Copy out exactly the lines spanning the line with "The bride and" to the line with "Shadow of a", inclusive, from the data underneath, with no pictures.

| THE RECORDS |
- - - - - - -
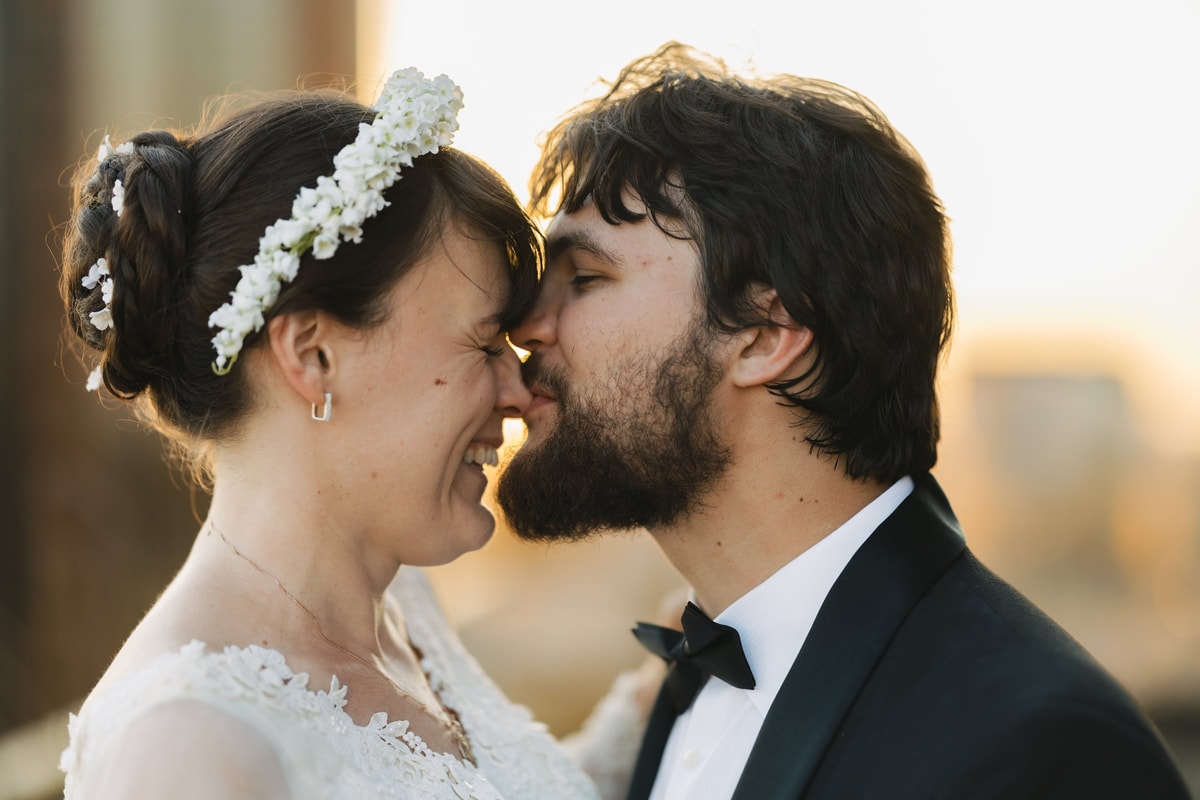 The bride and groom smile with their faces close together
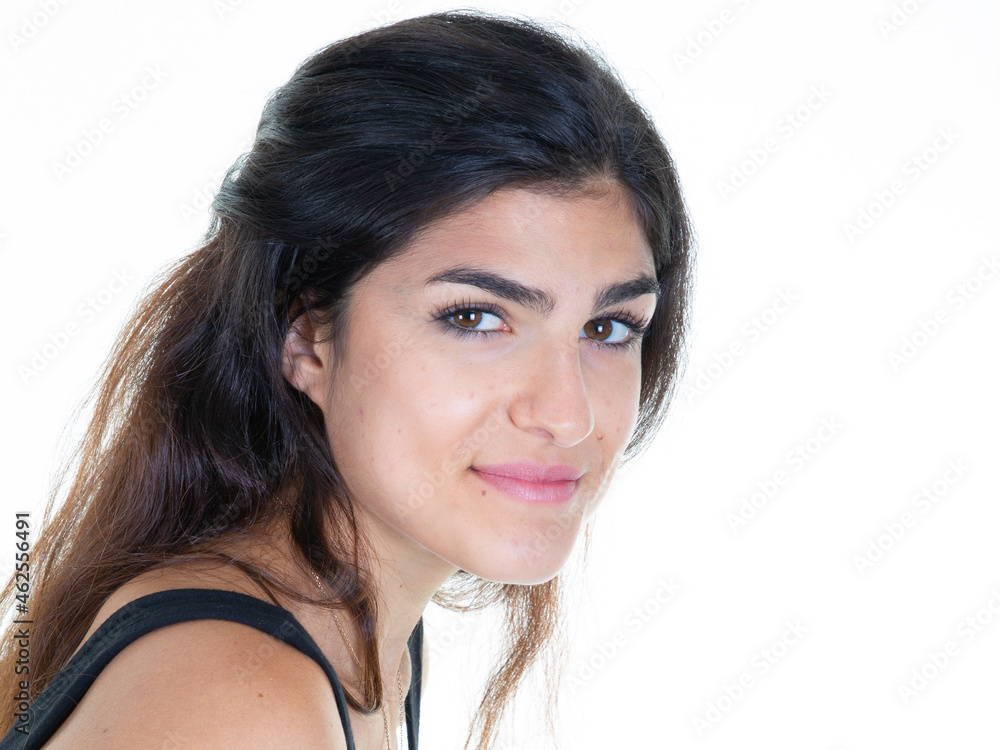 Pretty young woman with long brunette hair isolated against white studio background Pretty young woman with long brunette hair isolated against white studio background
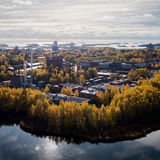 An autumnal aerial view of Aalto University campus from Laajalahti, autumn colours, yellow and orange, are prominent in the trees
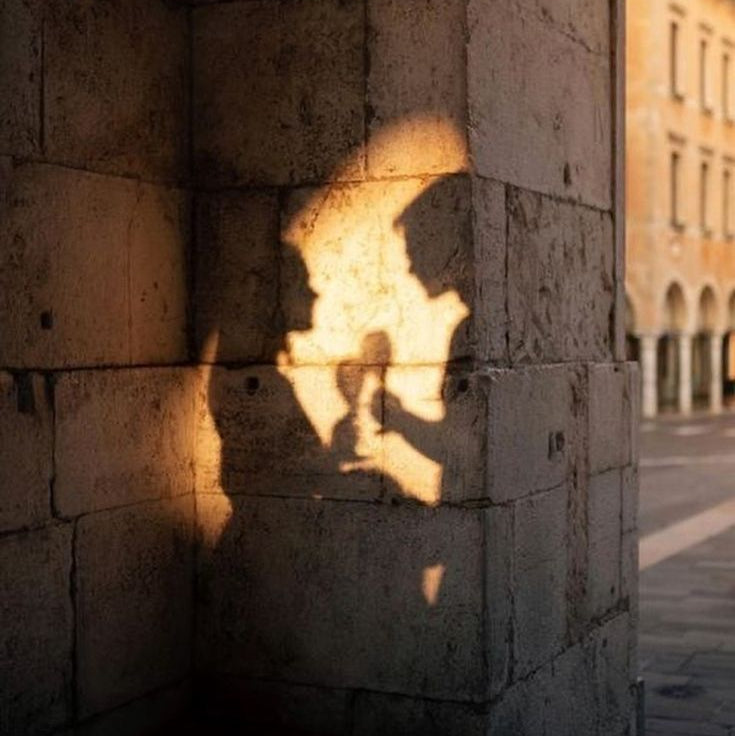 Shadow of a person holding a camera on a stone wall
- - - - - - -
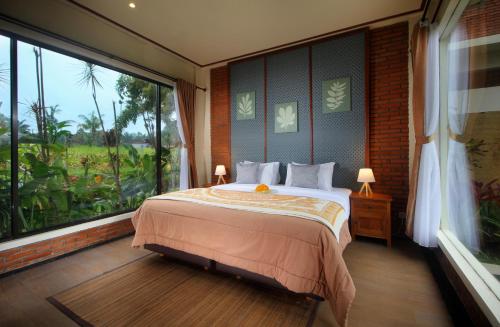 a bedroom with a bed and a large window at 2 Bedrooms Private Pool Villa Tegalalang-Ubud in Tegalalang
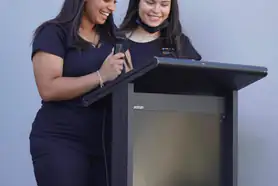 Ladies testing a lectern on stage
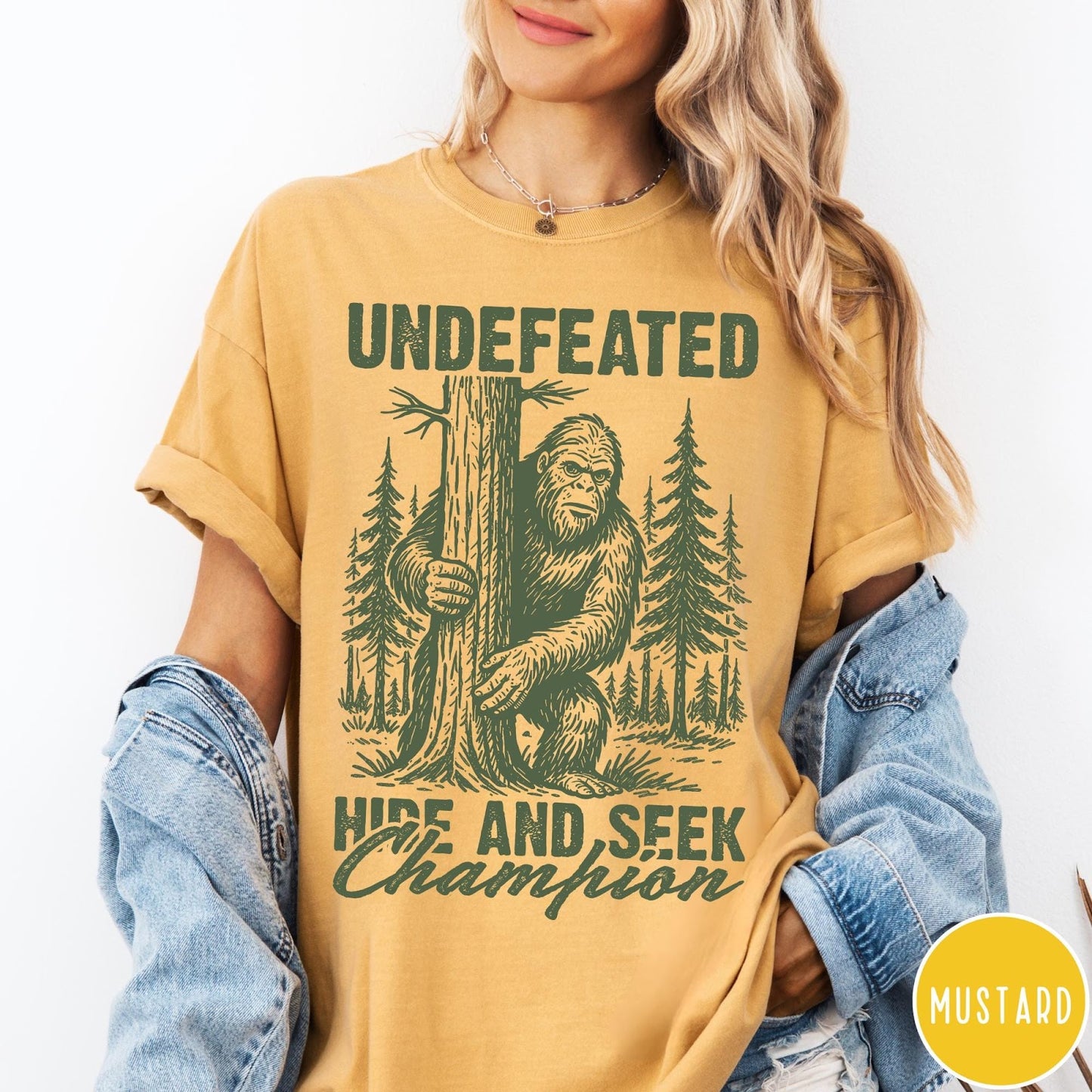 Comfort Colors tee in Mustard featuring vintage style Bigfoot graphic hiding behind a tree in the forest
- - - - - - -
| EXPECTED ANSWER |
 The bride and groom smile with their faces close together
 Pretty young woman with long brunette hair isolated against white studio background Pretty young woman with long brunette hair isolated against white studio background
 An autumnal aerial view of Aalto University campus from Laajalahti, autumn colours, yellow and orange, are prominent in the trees
 Shadow of a person holding a camera on a stone wall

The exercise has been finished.